- EXERCISE MATERIAL
*** Block opens ***

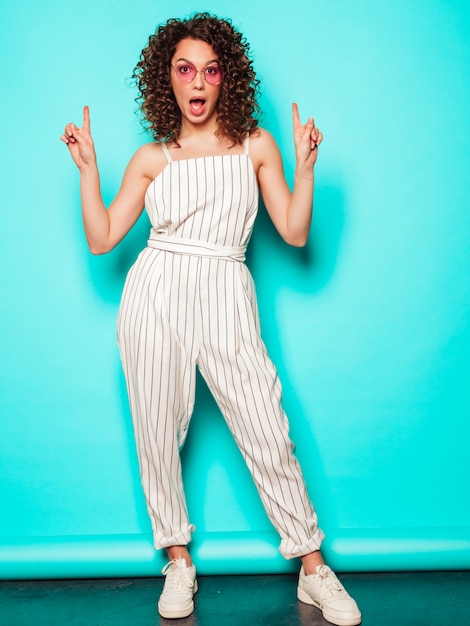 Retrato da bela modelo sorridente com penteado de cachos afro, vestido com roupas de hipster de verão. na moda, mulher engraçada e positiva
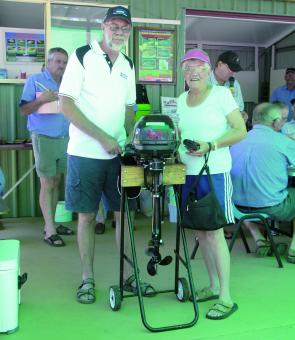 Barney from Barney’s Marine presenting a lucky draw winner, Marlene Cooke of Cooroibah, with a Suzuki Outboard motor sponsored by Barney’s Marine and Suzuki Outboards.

*** Block closes ***
*** Block opens ***

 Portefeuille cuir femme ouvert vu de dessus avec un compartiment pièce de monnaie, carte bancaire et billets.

*** Block closes ***

- TASK BRIEF
Range to print from the listing above: from the line with "Retrato da bela" up to and including the line with "Barney from Barney’s". Please print those lines exactly, with no pictures and nothing more.

- REPLY
 Retrato da bela modelo sorridente com penteado de cachos afro, vestido com roupas de hipster de verão. na moda, mulher engraçada e positiva
 Barney from Barney’s Marine presenting a lucky draw winner, Marlene Cooke of Cooroibah, with a Suzuki Outboard motor sponsored by Barney’s Marine and Suzuki Outboards.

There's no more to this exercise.